HPLC analysis of time course and regiospecificity of CB1954 reduction by SKOV3 cells expressing NfsA or NfsB. (A, C, E) Time courses of CB1954 reduction and accumulation of CB1954 metabolites in extracellular medium (mean and s.e.m of three experiments; key in panel A also applies for panels C and E); no metabolites of CB1954 were detected using SKOV3-GFP cells (panel A). (B, D, F) HPLC traces of medium sampled after 2 h incubation. Peaks marked C and P correspond to CB1954 and phenol red; peaks marked 2 and 4 correspond to the 2-NHOH and 4-NHOH products and those marked 2′ and 4′ indicate the corresponding -NH₂ metabolites. Panels A and B represent SKOV3-GFP cells (control); panels C and D represent SKOV3-NfsA cells; and panels E and F represent SKOV3-NfsB cells.

Figure 5

Bystander effect with NfsA vs NfsB. (A) ‘Activator cells’, that is, SKOV3 cells stably expressing either NfsA or NfsB, parental SKOV3 cells and cell mixtures containing 50, 25, 12.5, 6.25, 3.12 and 1.56% of the activator cells mixed with SKOV3 target cells, were exposed to a range of CB1954 concentrations, and their subsequent survival determined using the MTT assay; symbols show the mean and range of duplicate wells.
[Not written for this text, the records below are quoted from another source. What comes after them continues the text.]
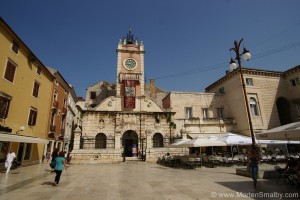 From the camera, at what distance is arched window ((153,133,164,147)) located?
80.6 feet

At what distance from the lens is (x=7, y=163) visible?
12008 mm

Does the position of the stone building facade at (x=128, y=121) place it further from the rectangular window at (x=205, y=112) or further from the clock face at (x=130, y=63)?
the rectangular window at (x=205, y=112)

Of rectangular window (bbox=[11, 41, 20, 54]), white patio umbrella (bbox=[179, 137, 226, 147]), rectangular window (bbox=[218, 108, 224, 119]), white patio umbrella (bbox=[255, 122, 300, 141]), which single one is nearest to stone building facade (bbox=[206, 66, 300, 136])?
rectangular window (bbox=[218, 108, 224, 119])

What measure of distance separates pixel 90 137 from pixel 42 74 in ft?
30.4

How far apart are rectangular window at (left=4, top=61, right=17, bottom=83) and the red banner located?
Result: 43.8 ft

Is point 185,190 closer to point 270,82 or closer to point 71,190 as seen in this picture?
point 71,190

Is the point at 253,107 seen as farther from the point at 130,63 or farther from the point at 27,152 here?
the point at 27,152

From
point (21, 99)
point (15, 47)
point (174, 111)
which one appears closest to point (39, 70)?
point (15, 47)

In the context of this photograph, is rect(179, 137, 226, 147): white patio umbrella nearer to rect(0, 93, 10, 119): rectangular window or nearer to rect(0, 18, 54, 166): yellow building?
rect(0, 18, 54, 166): yellow building

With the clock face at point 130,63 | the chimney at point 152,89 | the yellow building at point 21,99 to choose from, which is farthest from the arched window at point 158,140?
the yellow building at point 21,99

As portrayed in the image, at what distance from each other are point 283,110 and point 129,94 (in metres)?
23.9

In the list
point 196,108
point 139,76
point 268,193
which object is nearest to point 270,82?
point 196,108

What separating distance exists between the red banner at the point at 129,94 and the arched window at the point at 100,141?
5.02 m

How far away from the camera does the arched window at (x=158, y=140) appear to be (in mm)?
24578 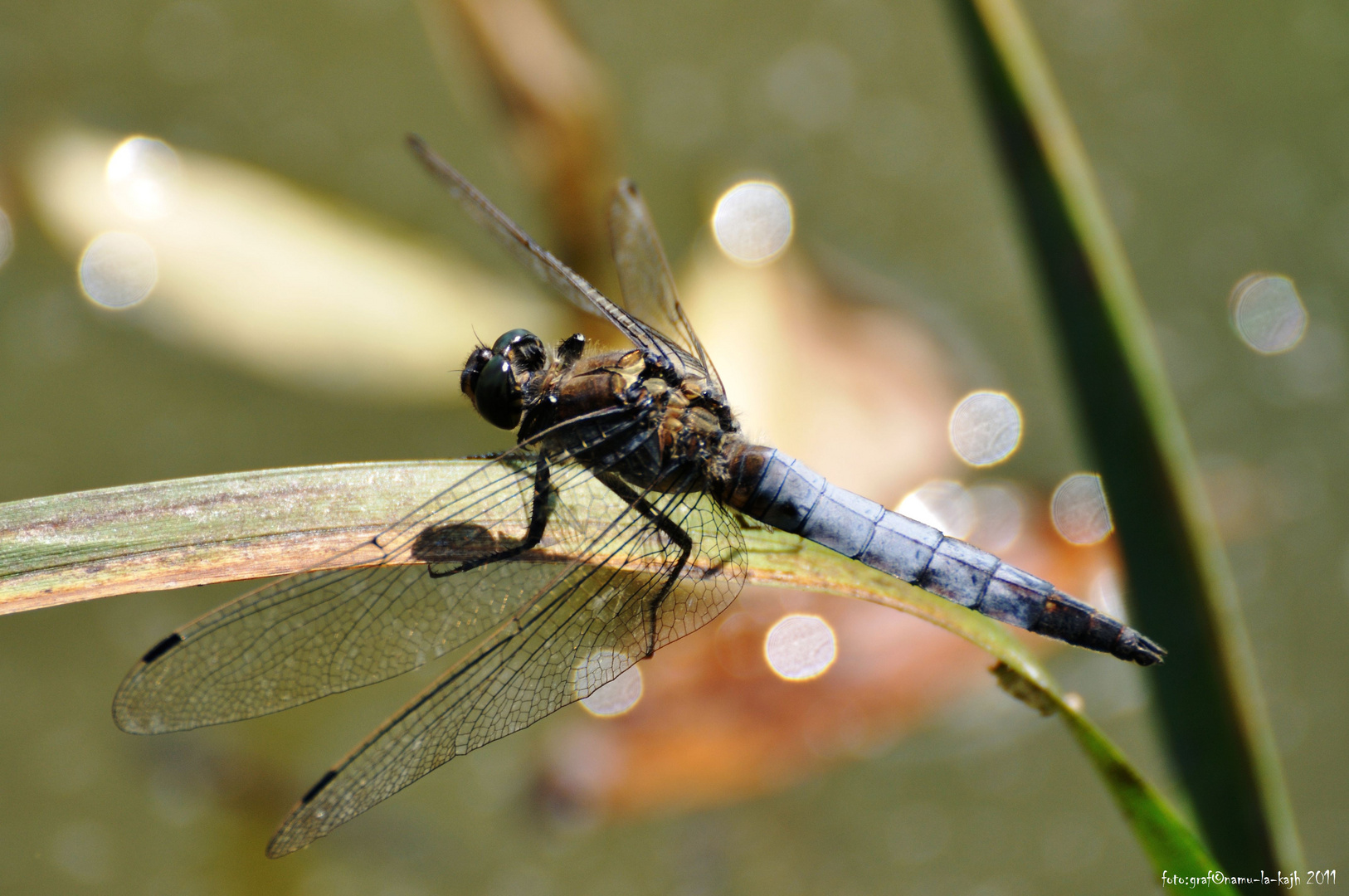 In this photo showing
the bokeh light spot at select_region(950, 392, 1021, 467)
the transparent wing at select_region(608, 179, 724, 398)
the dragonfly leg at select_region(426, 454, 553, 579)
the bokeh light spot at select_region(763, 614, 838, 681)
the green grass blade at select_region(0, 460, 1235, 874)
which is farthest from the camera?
the bokeh light spot at select_region(950, 392, 1021, 467)

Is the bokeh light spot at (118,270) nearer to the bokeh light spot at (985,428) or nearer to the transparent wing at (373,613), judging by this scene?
the transparent wing at (373,613)

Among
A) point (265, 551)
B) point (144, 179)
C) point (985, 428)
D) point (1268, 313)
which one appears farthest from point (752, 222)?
point (265, 551)

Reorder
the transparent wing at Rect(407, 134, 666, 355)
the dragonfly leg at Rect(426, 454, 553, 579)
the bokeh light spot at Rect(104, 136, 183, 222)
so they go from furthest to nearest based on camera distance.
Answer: the bokeh light spot at Rect(104, 136, 183, 222), the transparent wing at Rect(407, 134, 666, 355), the dragonfly leg at Rect(426, 454, 553, 579)

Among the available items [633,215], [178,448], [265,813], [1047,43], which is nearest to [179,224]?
[178,448]

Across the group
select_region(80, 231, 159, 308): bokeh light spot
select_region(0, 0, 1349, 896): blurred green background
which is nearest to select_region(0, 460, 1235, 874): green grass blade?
select_region(0, 0, 1349, 896): blurred green background

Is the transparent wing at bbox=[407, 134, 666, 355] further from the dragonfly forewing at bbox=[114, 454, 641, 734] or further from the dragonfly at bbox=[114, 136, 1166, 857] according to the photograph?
the dragonfly forewing at bbox=[114, 454, 641, 734]

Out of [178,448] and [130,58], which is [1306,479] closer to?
[178,448]

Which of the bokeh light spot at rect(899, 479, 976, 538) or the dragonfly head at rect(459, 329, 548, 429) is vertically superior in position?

For clarity, only dose-response curves for 25 and 6.25% activator cells are shown. (B) The IC₅₀s (±95% CI), derived from the MTT assay cell survival curves in panel A are plotted against percentage (%) activator cells in the mixture. The horizontal lines indicate the IC₅₀s of parental SKOV3 cells (upper line), pure cultures of SKOV3-NfsA and SKOV3-NfsB (lower line), and the prodrug concentration midway between these on a log scale.